Agent Tracing

Capture agent conversations and tool activity so they can be evaluated with AgentEvaluation.


Trace contents

Floeval's tracing helpers turn agent execution into an AgentTrace with:

  • ordered messages
  • optional tool calls and tool results
  • a final user-facing response
  • optional metadata collected during execution

The resulting trace can then be:

  • saved as a full agent dataset and scored later
  • collected on the fly from a Python callable
  • wrapped around LangChain or LangGraph style agents

Public API

Import tracing helpers from floeval.utils.agent_trace:

from floeval.utils.agent_trace import (
    capture_trace,
    create_span,
    log_tool_result,
    log_turn,
    wrap_langchain_agent,
)

Core helpers

Helper Purpose
capture_trace Decorate an agent function so Floeval creates a trace context automatically
log_turn Record an AI response turn inside the active trace
log_tool_result Record tool output inside the active trace
create_span Alternate helper that records an output turn in a DeepEval-style shape
wrap_langchain_agent Adapt a LangChain or LangGraph agent to Floeval's callable interface

For advanced control, TraceCollector is also available.


Basic Python callable

This pattern is suitable for Mode 2 agent evaluation.

from floeval.utils.agent_trace import capture_trace, log_tool_result, log_turn


@capture_trace
def weather_agent(user_input: str) -> str:
    tool_output = "Paris: 18C, light rain"
    log_tool_result("weather_lookup", tool_output)

    response = f"Current weather for Paris: {tool_output}"
    log_turn(response)
    return response

capture_trace creates the trace context, log_tool_result(...) records a tool message, log_turn(...) records the agent response, and the returned string becomes the trace's final response.

You can pass this function directly into AgentEvaluation(agent=...).


Async agent

capture_trace also supports async agents:

from floeval.utils.agent_trace import capture_trace, log_turn


@capture_trace
async def async_support_agent(user_input: str) -> str:
    response = f"Handled asynchronously: {user_input}"
    log_turn(response)
    return response

LangChain or LangGraph agents

If your agent expects a messages-style interface, wrap it before evaluation:

from floeval.api.agent_evaluation import AgentEvaluation
from floeval.config.schemas.io.agent_dataset import AgentDataset
from floeval.utils.agent_trace import wrap_langchain_agent

wrapped_agent = wrap_langchain_agent(langchain_agent)

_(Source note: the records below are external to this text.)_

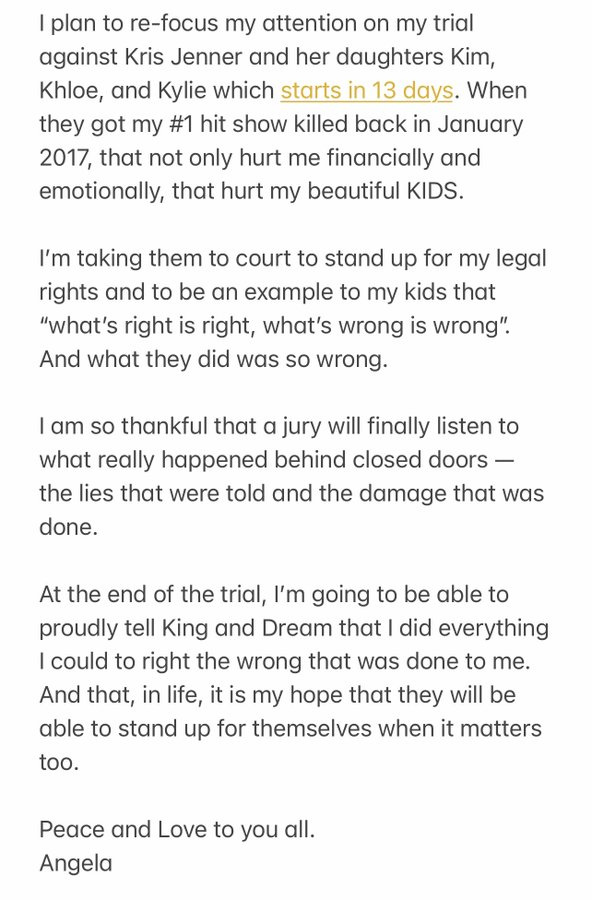   צ'ינה's tweet regarding the trial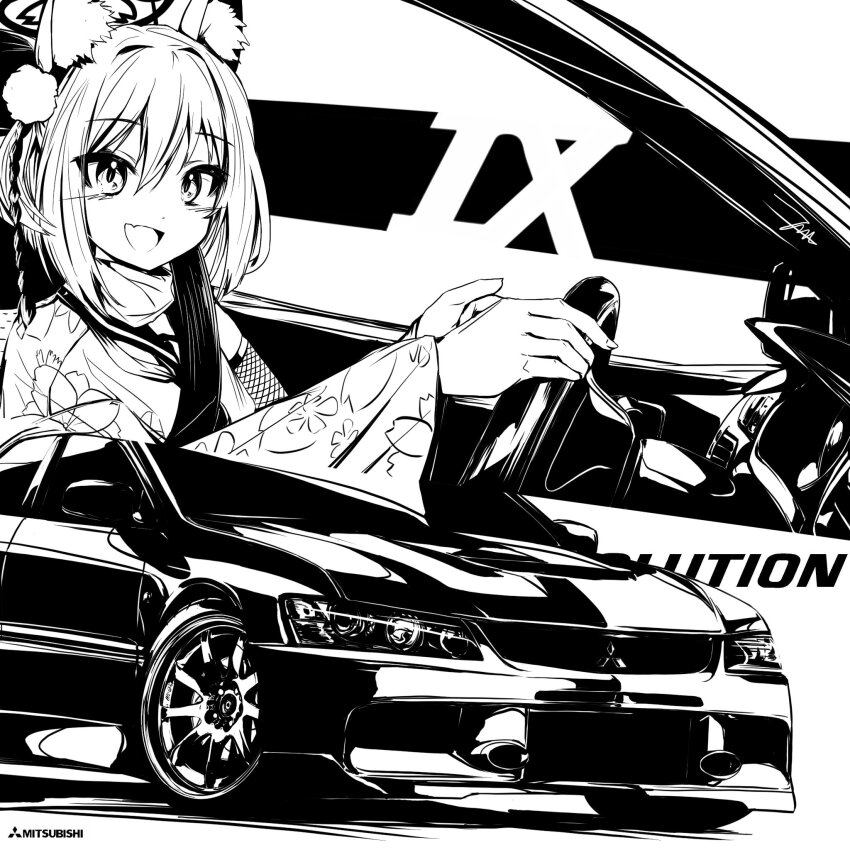 1girl animal_ears blue_archive car commentary driving english_commentary fox_ears fox_girl from_side greyscale hair_between_eyes hair_ornament highres izuna_(blue_archive) long_hair long_sleeves looking_at_viewer mitsubishi_lancer_evolution mitsubishi_motors monochrome motor_vehicle nougat_(no_9ada) open_mouth pom_pom_(clothes) pom_pom_hair_ornament signature smile solo steering_wheel upper_body wide_sleeves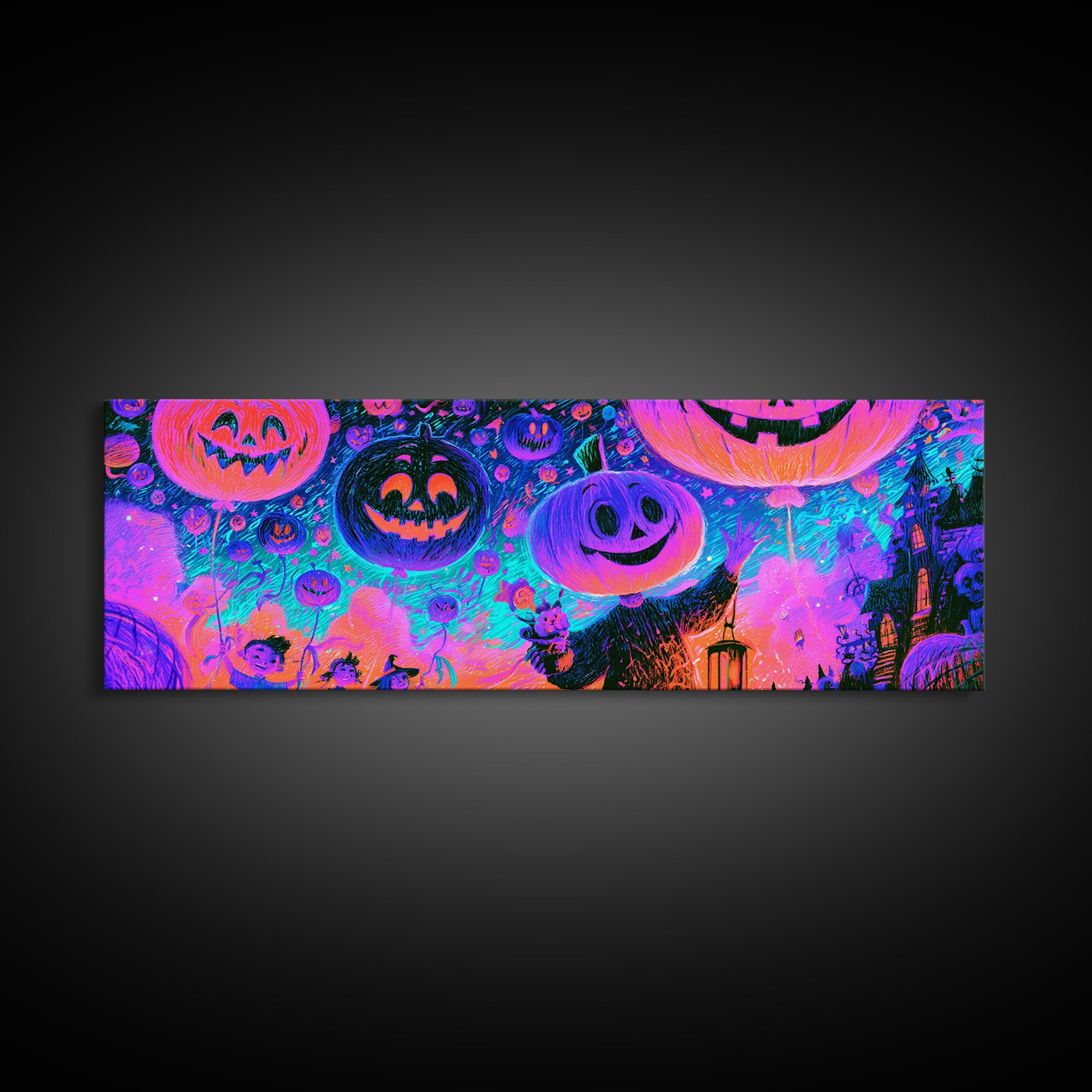 The Pumpkin Balloon Parade, Retro Neon Halloween Art, Extra Wide Wall Art, Framed Canvas Print, Retro Halloween Decor, Neon Wall Art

evaluation = AgentEvaluation(
    dataset=AgentDataset.from_file("partial_agent_dataset.json"),
    agent=wrapped_agent,
    llm_config=llm_config,
    metrics=["goal_achievement"],
)

The wrapper adapts:

  • string input into the {"messages": [...]} shape many agent frameworks expect
  • agent output back into a string result that Floeval can trace

TraceCollector also tries to attach LangChain callbacks automatically when the wrapped agent exposes invoke(...) or ainvoke(...).


Returning AgentTrace directly

If your agent already produces a full trace, you can return AgentTrace yourself instead of relying on helper logging.

from floeval.config.schemas.io.agent_dataset import AgentTrace


def simple_agent(user_input: str) -> AgentTrace:
    return AgentTrace.from_simple_response(
        user_input=user_input,
        response="Done.",
        source="custom-runtime",
    )

This works with TraceCollector and AgentEvaluation as long as the trace is valid.


Evaluation workflows

Two common workflows are supported:

Collect traces during evaluation

Use a partial agent dataset and pass agent= to AgentEvaluation. Floeval runs the agent, captures traces, and evaluates the resulting full samples.

Capture first, score later

Run your agent separately, persist the resulting traces into an agent dataset file, then evaluate that file later with Mode 1.

This approach is useful when:

  • trace capture is expensive
  • you want reproducible evaluations
  • you want to inspect traces manually before scoring

Trace shape

Full trace datasets use this structure:

{
  "trace": {
    "messages": [
      {"role": "human", "content": "User request"},
      {
        "role": "ai",
        "content": "I'll look that up.",
        "tool_calls": [{"name": "search", "args": {"q": "User request"}}]
      },
      {
        "role": "tool",
        "tool_name": "search",
        "content": "Tool result"
      },
      {"role": "ai", "content": "Final answer"}
    ],
    "final_response": "Final answer"
  }
}

Roles in saved datasets should be:

  • human
  • ai
  • tool

Notes

  • Prefer @capture_trace for custom Python agents. It is the simplest path.
  • Use log_turn() only inside an active trace context.
  • Use reference_tool_calls in your dataset when you want to score ragas:tool_call_accuracy.
  • Use reference_outcome when you want stronger outcome-based scoring such as goal_achievement or ragas:agent_goal_accuracy.
  • If your agent already exposes a stable trace format, returning AgentTrace directly can be cleaner than manual logging.